After the relief of the siege of Mafeking on 17 May 1900 its defender, Robert Baden-Powell, moved towards Pretoria, establishing garrisons and supply depots along the way. One such depot was on the banks of the Elands River where the town of Swartruggens now stands. 300 Australians and 200 Rhodesians manned the post under the command of Colonel C.O. Hore, a veteran of the Mafeking siege. On 3 August, a large convey of wagons arrived from Zeerust and waited at Elands River for an escort before proceeding further to Rustenburg. That night General J.H. de la Rey surrounded the post and at dawn he opened his attack with an initial artillery salvo into a party taking the draft animals to drink at the river.
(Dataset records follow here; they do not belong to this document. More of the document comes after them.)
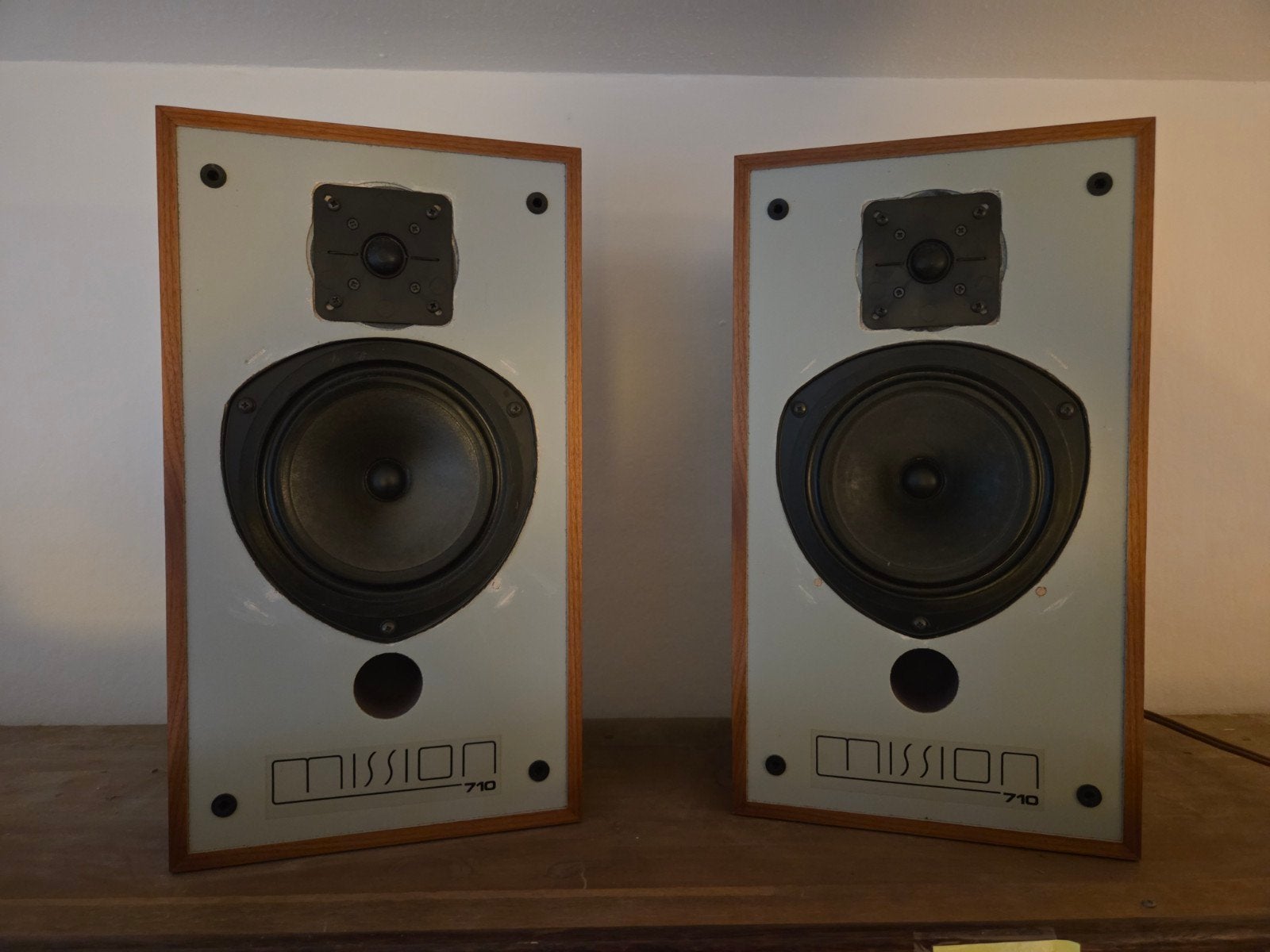 Mission 710 vintage speakerkasten met Kef 303 speakers, Audio, Tv en Foto, Gebruikt, Speakerset, Minder dan 60 watt, Ophalen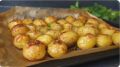 Запеченный картофель в бумаге: быстро и просто!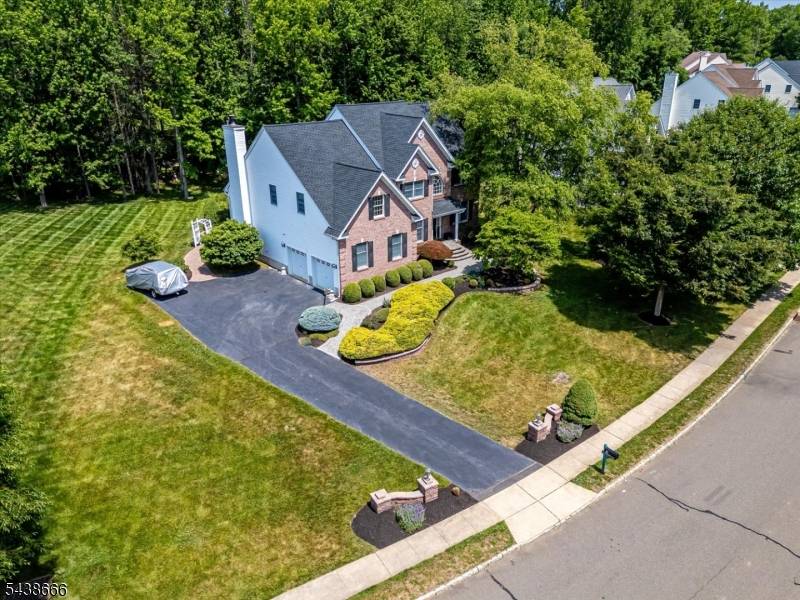 21 Courtside Ln, South Brunswick Twp., NJ 08540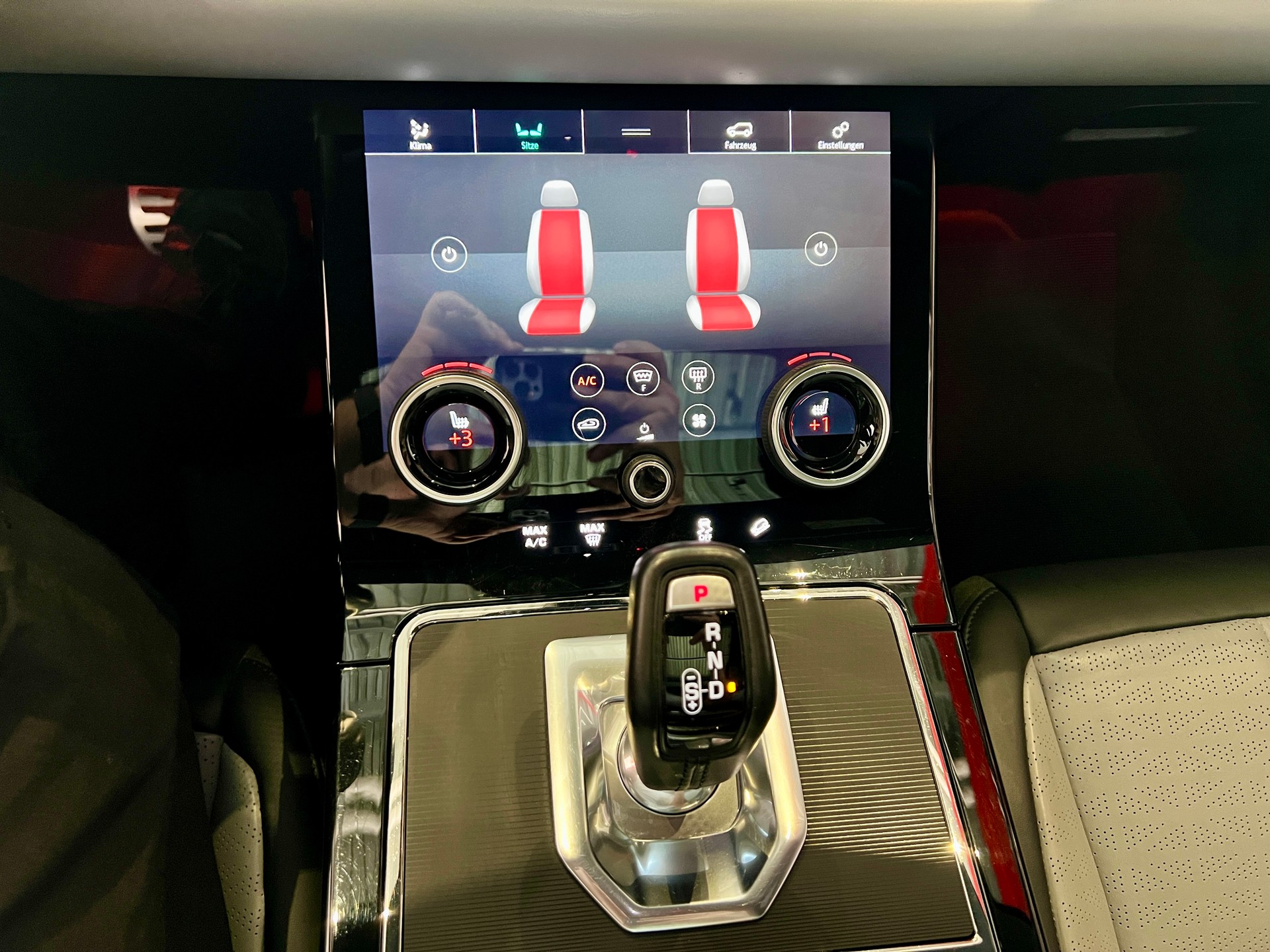 LAND ROVER Range Rover Evoque R-Dynamic P 300 HSE AT9-image-15
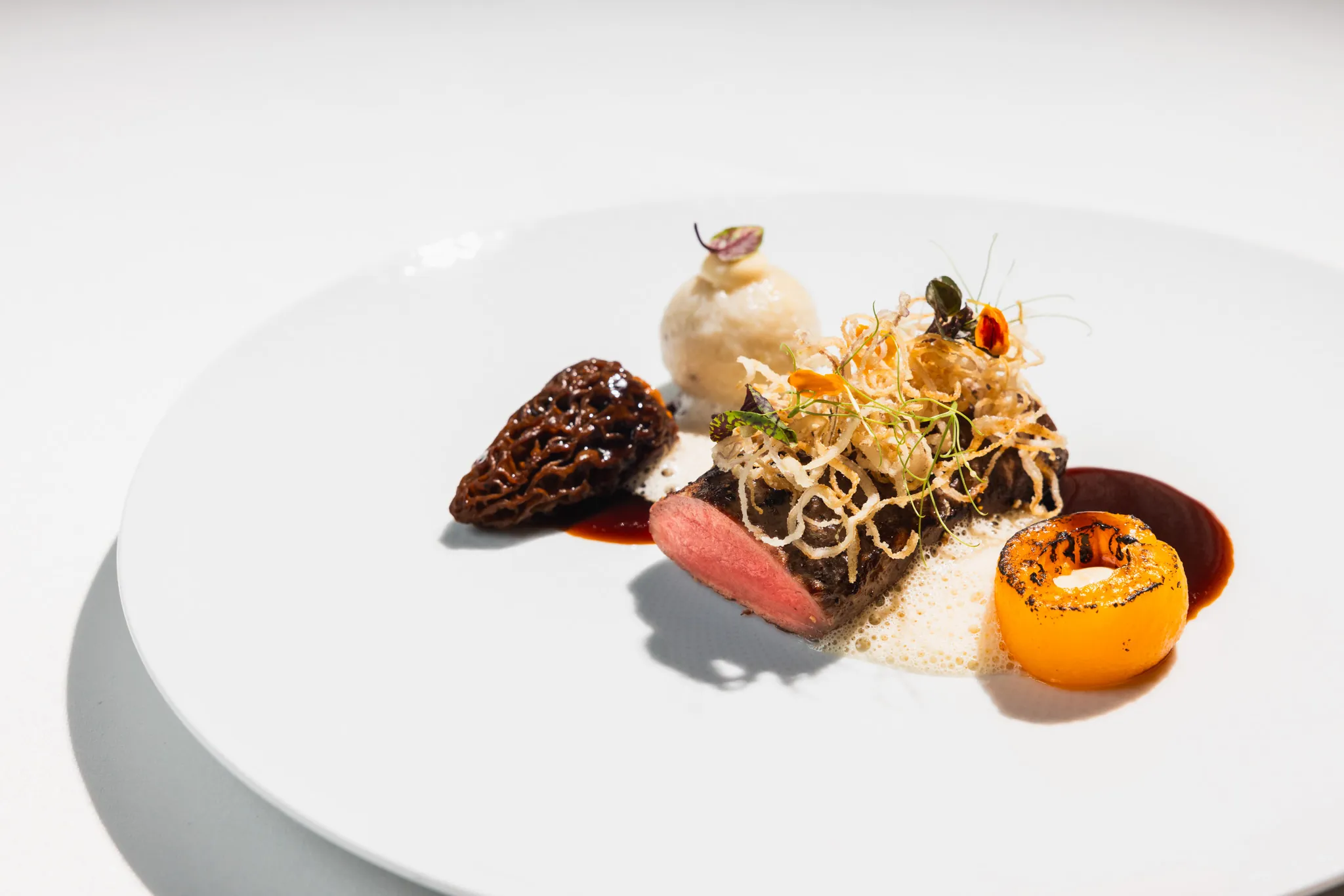 Fleischgang mit Morchel, gebratenem Kürbis und knusprigem Kartoffelnest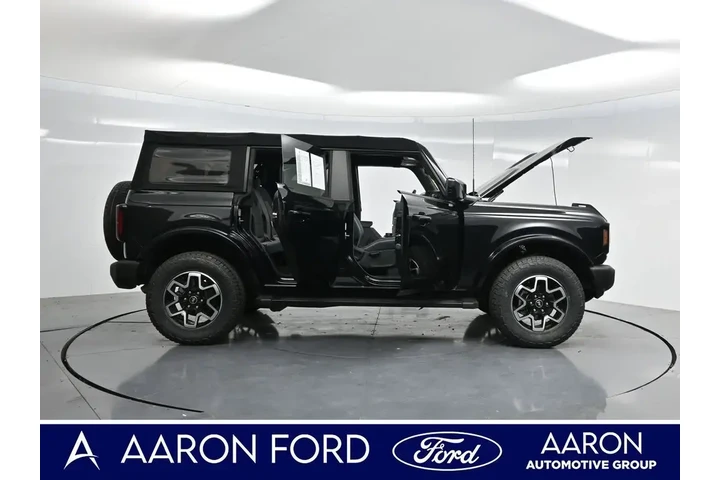 $32947 : Ford Bronco 2022 4x4 Base 4d image 4
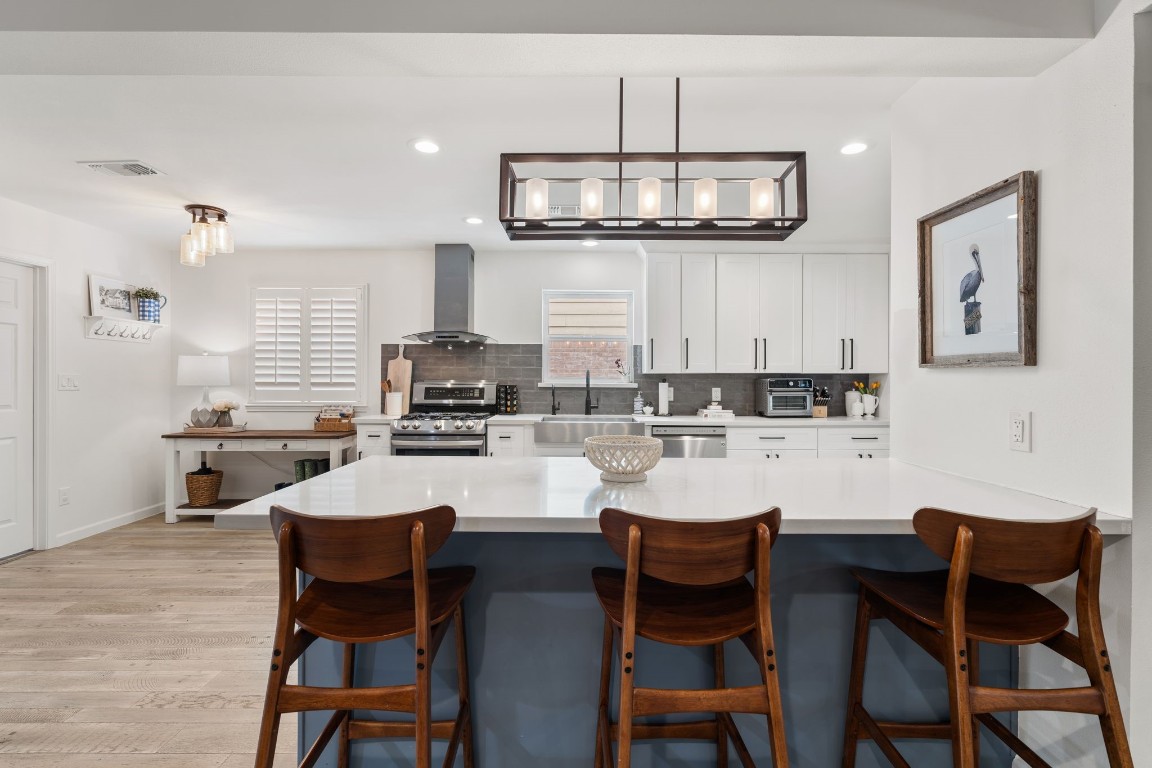 10619 Cranbrook Road Houston, TX 77042 - Photo 11 of 32 The kitchen is designed to inspire connection and creativity.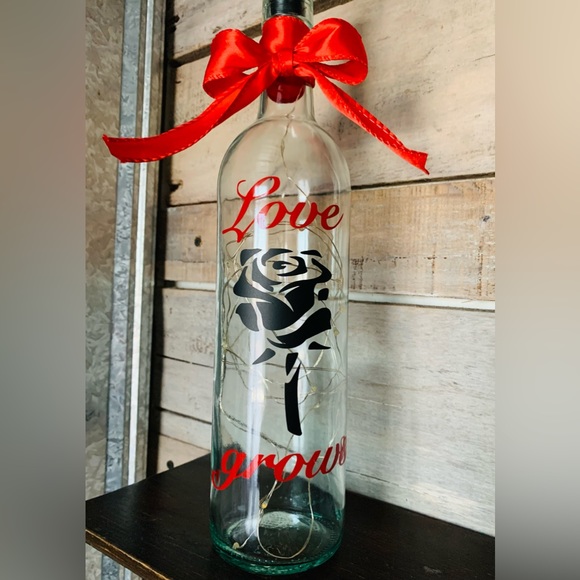 Handmade- ‘Love Grows’ wine bottle lantern with die cut vinyl design - Picture 8 of 11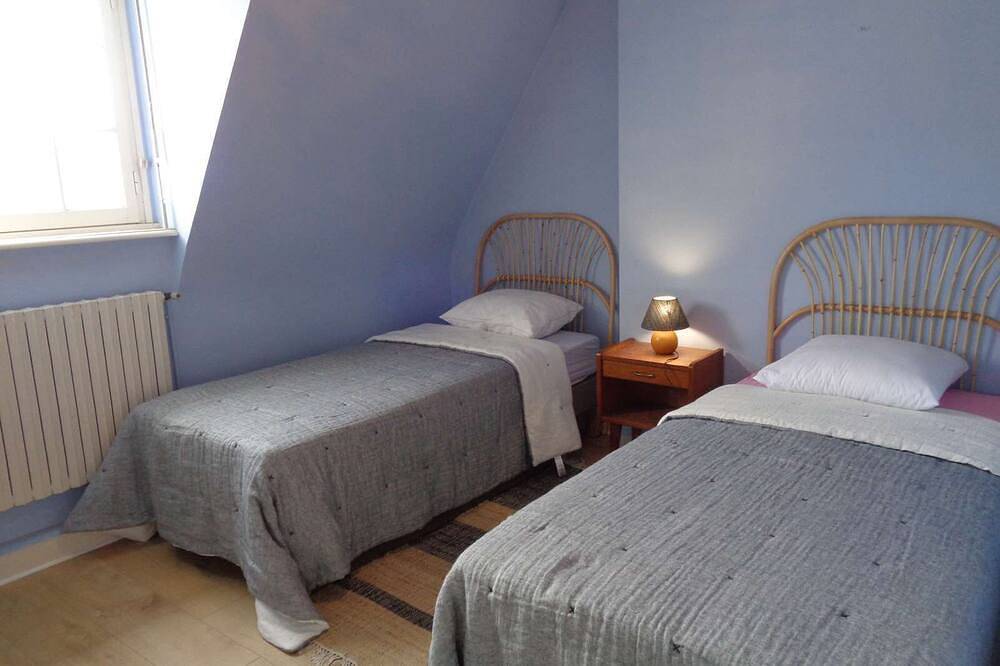 Ancien corps de ferme,  avec jardin , proche de la mer. in Plobannalec-Lesconil, Côte de Cornouaille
The shells caused havoc in the camp, wounding many of the defenders and killing dozens of oxen and horses. Hore was ill and active defense and leadership devolved on two Australians, Major Tunbridge and Captain Ham, and a Rhodesian, Major Hopper. They rallied the men throughout the day of ceaseless Boer shelling. The British position was hopelessly exposed with little in the way of defensive earthworks and no access to water. Only when night fell was it possible for the men to stealthily take the remaining animals to drink at the river and to dig better defensive trenches into the hillside. Morale was maintained on the British side by the belief that they would be soon relieved by General F. Carrington who was due to arrive from Marico with 650 men and a New Zealand artillery unit.
The following day, when Carrington was only three kilometers way, de la Rey ambushed his relief column and, with only 70 men, chased the entire column back to Marico. Thinking that a far greater force than his own was pursuing him, Carrington burned all the supplies in Marico and continued his flight to Mafikeng, destroying the stores at Zeerust and Ottoshoop as he did so.
Despite their disappointment the beleaguered Australians and Rhodesians refused to surrender. and prepared to endure another day of bombardment. A second rescue attempt by Baden-Powell from Rustenburg also ended in bungling and disaster. As Carrington fled towards Mafikeng Baden-Powell reached Moedwil and, hearing the sound of gunfire retreating westward, assumed that Hoare's men had been relieved. Satisfied with this unsubstantiated assumption Baden-Powell returned to Rustenburg.
The situation at Elands River continued to become more desperate as Boer snipers kept them from collecting water from the river and men were wounded or killed with almost every attempt to do so. Thirst and the stench of the decomposing carcasses of horses and cattle increased their discomfort. Meanwhile a report had reached Lord Roberts in Pretoria that Elands River had surrendered, so no help was forthcoming. Only after a message between Generals De la Rey and De Wet was perchance intercepted was the truth discovered and a strong force under General Broadwood dispatched and the siege was at last relieved on 17 August. The courage of the colonial forces at Elands River is still lauded in the annals of Australian military history and a plaque has been erected by the Australian High Commissioner to commemorate the centenary of the engagement.